BOSTON - With mutual funds, sometimes less is more.
A fund holding just a couple dozen stocks might succeed in maximizing returns, with the manager's strong conviction behind each pick yielding better performance. The trade-off? Investors sacrifice the relative safety of the hundred or more stocks that many funds hold.
Of course, it doesn't always turn out that way for so-called "focused" or "concentrated" funds: Betting big on a few favorites can backfire if the picks are lousy.

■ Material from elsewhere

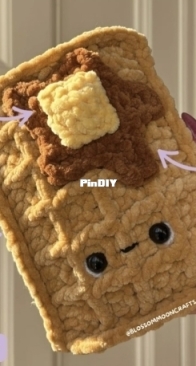 Blossom moon crafts - Emily - Wally the Waffle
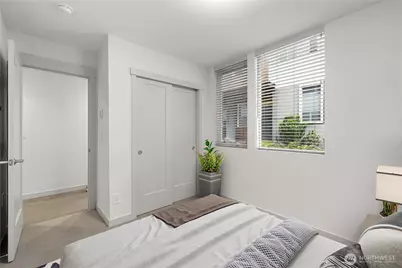 9043 C Mary Avenue NW, Seattle, WA 98117 - Photo 20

But the approach has sure worked for Bruce Berkowitz, whose Fairholme Fund (FAIRX) has just 26 holdings. Morningstar on Tuesday named Berkowitz "Domestic-Stock Fund Manager of the Decade," noting that Fairholme beat the Standard & Poor's 500 by 14 percentage points over the past 10 years. As if that weren't enough, Berkowitz also won stock fund manager of the year honors for his terrific 2009.
Now, Berkowitz is trying to use his stock-picking reputation as a springboard into bonds, with this month's launch of another fund he's simultaneously managing: Fairholme Focused Income Fund (FOCIX).

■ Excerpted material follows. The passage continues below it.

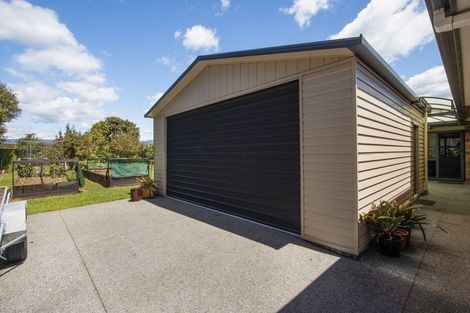 Photo of property in 2 Bransley Grove, Katikati, 3129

It's an attempt to defy convention by a man who's lived by a concentrated portfolio manager's "less is more" mantra. Only a handful of bond funds have fewer than 80 holdings, according to Morningstar. But Fairholme Focused Income aims to hold just 15 to 50.
"Why in the world should I want to invest in my 30th best idea, if I can buy more of my best idea?," reasons Berkowitz, who started his career in fixed income before switching to stocks in the late 1980s.
That statement may sound like heresy to bond investors who typically seek safety and the reliable income generation that they can't get from stocks.
That's why many fixed-income funds hold hundreds of bonds. By spreading investments across many companies and bond categories, a fund and its investors take only a small hit in case of a default or collapse at one or two bond issuers.
Berkowitz isn't the only money manager trying to turn a concentrated portfolio approach into more than just a stock fund strategy. Last summer, Third Avenue, a fund family best known for picking stocks, launched the Third Avenue Focused Credit Fund (TFCVX), planning to keep 50 to 60 holdings across a broad spectrum of bonds. That includes so-called "distressed debt" of troubled companies, offering the prospect of big returns but also plenty of risk.
It's a small start. For example, Fairholme's new offering holds just $23 million so far, with Berkowitz personally investing $8 million of that himself. It's a pittance against the $10.6 billion in the Fairholme Fund. Third Avenue's fund has $346 million in assets— a strong start for a fund that's barely four months old, although hardly big compared with most established funds.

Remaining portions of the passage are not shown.